Esto les provocó un enorme conflicto para su fe en Dios. Porque si los éxitos son signo de uno es bueno y los fracasos de que es malo, ¿cómo explicar que los malvados triunfen mientras que el justo está destinado a sufrir? El salmo setenta y tres expresa con toda crudeza esta desazón, cuando el orante se encara así con Dios: «Envidiaba a los perversos, viendo prosperar a los malvados. Para ellos no hay sinsabores, están sanos y orondos; no pasan las fatigas humanas ni sufren como los demás».

A nosotros pueden ocurrirnos algo semejante en este momento de crisis económica generalizada y que, según los expertos, será cada día más aguda. Los que han arruinado las empresas y llevado a la ruina a muchísimas familias y particulares, quedan impunes de sus errores y se llevan indemnizaciones millonarias. En cambio el trabajador honrado y responsable, que ha pagado religiosamente los plazos convenidos en el contrato de su hipoteca, pierde su trabajo, su dinero y sus ahorros. Y se enfrenta a un porvenir incierto y nada halagüeño.

Es innegable que la gente buena y creyente, al ver y sufrir todo esto, corre el peligro de extraviarse en su fe y desertar. ¿Dios -se pregunta- no ve lo que pasa? ¿No le preocupa nuestra suerte? ¿Para qué seguir siendo honrado y creer en Él?

Evidentemente, todos deseamos que los parados vuelvan cuanto antes al trabajo, que los salarios permitan seguir pagando los plazos y la hipoteca del piso, que las autoridades tomen medidas pertinentes para impedir que las cosas vuelvan a repetirse, que se revisen los sueldos escandalosos de ciertos directivos, que no se malgaste el dinero público, que no se permitan asumir riesgos imprudentes, etcétera. Pero esto no resuelve el problema de fondo.

La verdadera solución sólo vendrá si el justo y honrado que sufre mira a Dios y, mirándolo, ensancha su horizonte.
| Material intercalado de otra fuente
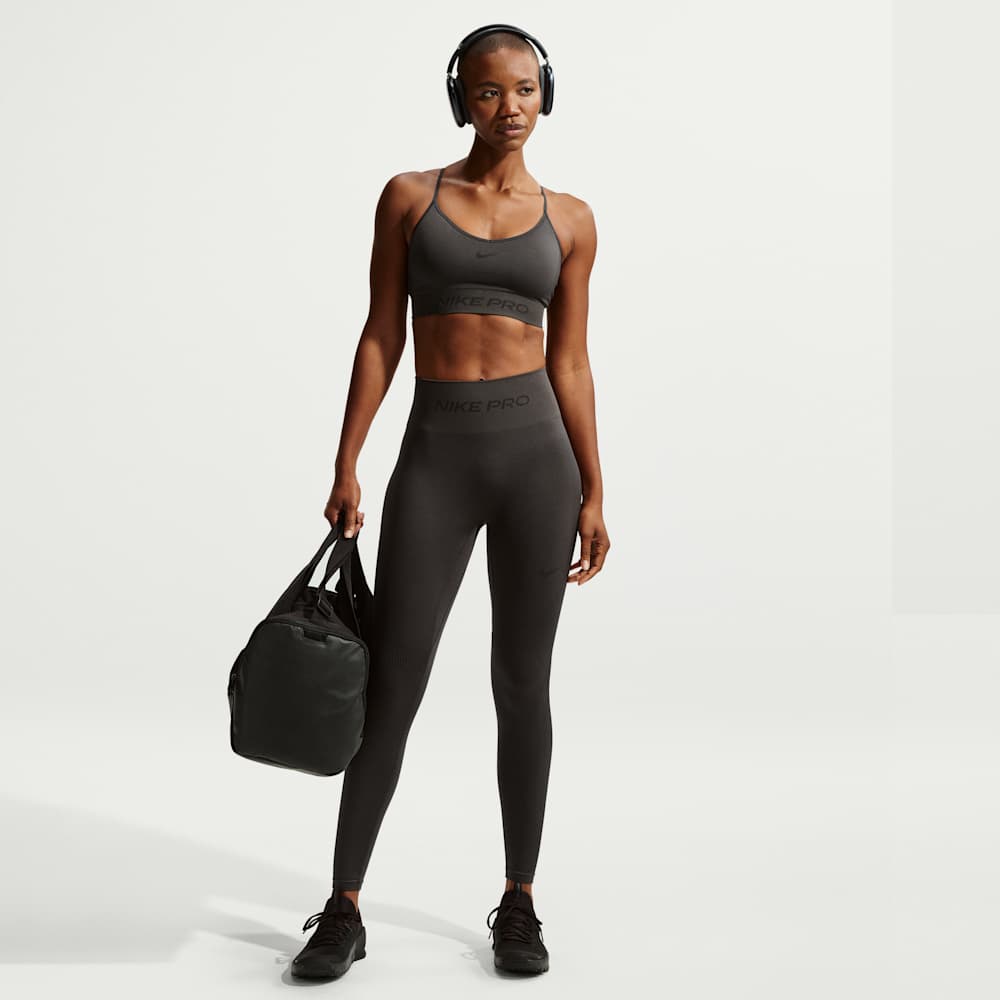 Brasier y Tops deportivos para entrenamiento para mujer en gris · IB9843-070 - vista 4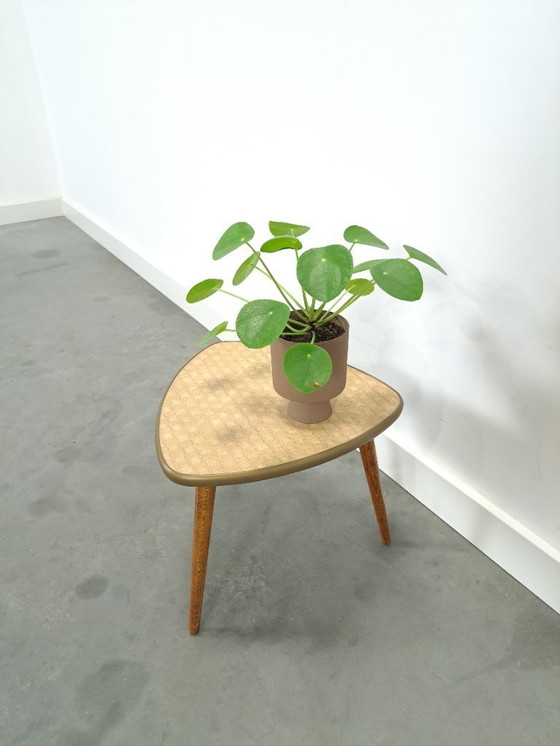 Image 1 of Beistelltisch Pflanzentisch mit beige creme karierter Resopalplatte, Nr. 29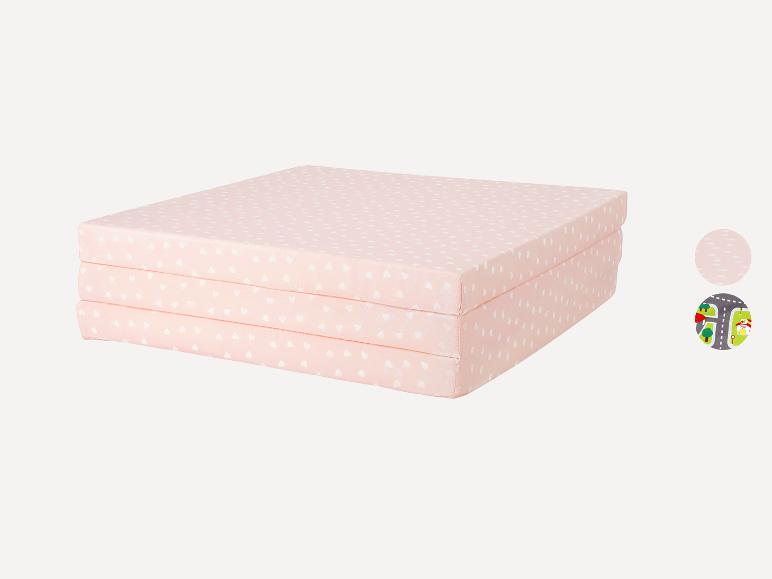 Matelas pliant pour enfants avec motif cœurs roses et tapis de jeu avec routes.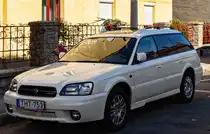 Hier ist ein Subaru Legacy Outback (dritte Generation  BH , Modelljahr: 2002) zu sehen. Foto: November, 2024.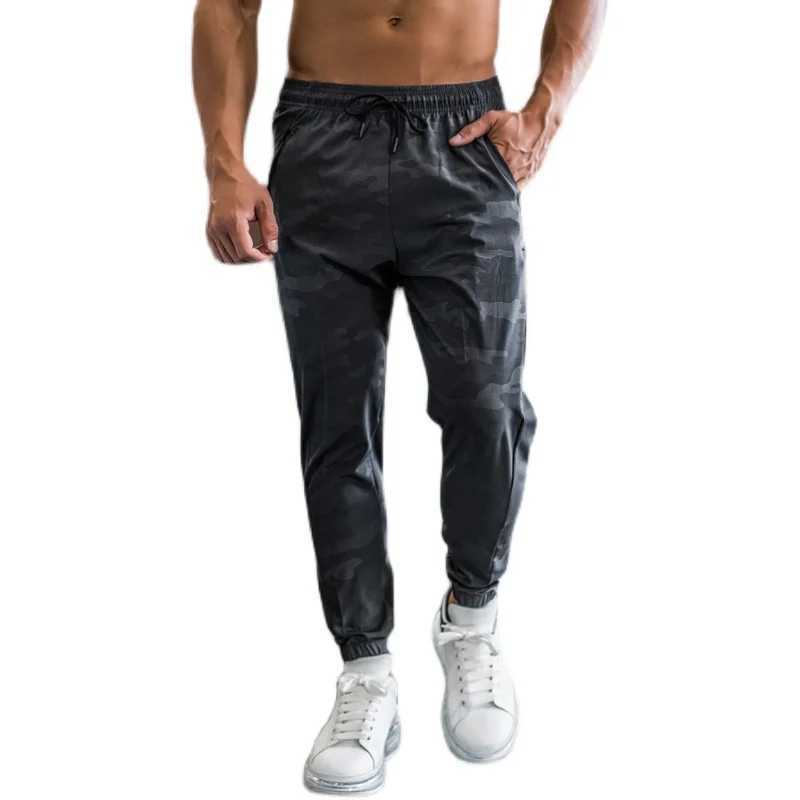 Camouflage Quick dry Men Running Pants Zip pocket Bodybuilding Training Trousers Jogging Fitness Gym elastic Sport sweatpantsX241008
Este nuevo horizonte consiste en descubrir que los éxitos y riquezas de los cínicos y de los ricos son pura apariencia y necia estupidez si son sólo eso: dinero, bienestar y poder material. El verdadero rico es el que posee a Dios y el verdadero éxito no es tener y gozar cada vez más, sino ser justo y honrado en esta vida y esperar una eternidad feliz y dichosa.

No se trata de una vaga esperanza en el más allá. Se trata, más bien, de despertar a la percepción de la auténtica grandeza del ser humano, de la que forma parte también la vida eterna. El Señor nos emplaza a que aprovechemos la crisis para pasar de una concepción puramente material de la vida -y, por ello, equivocada-, a la verdadera sabiduría: descubrir cuál es el verdadero bien de la vida y seguirlo. Los cínicos pueden pensar que la vida licenciosa y sin escrúpulos del rico y poderoso es un bien. En realidad es un mal, pues le encierra en una perspectiva meramente animal de la existencia y le cierra el horizonte del más allá.

La crisis, además, es un aldabonazo de Dios que quiere despertar nuestras conciencias egoístas y abrirlas a los hermanos pobres y necesitados -que van a sufrir sus consecuencias de modo más incisivo-, para que compartamos con ellos nuestros bienes. La crisis puede y debe dar lugar a una inmensa catarata de solidaridad y fraternidad. Vivida desde la perspectiva de Dios, puede convertirse en un inmenso bien.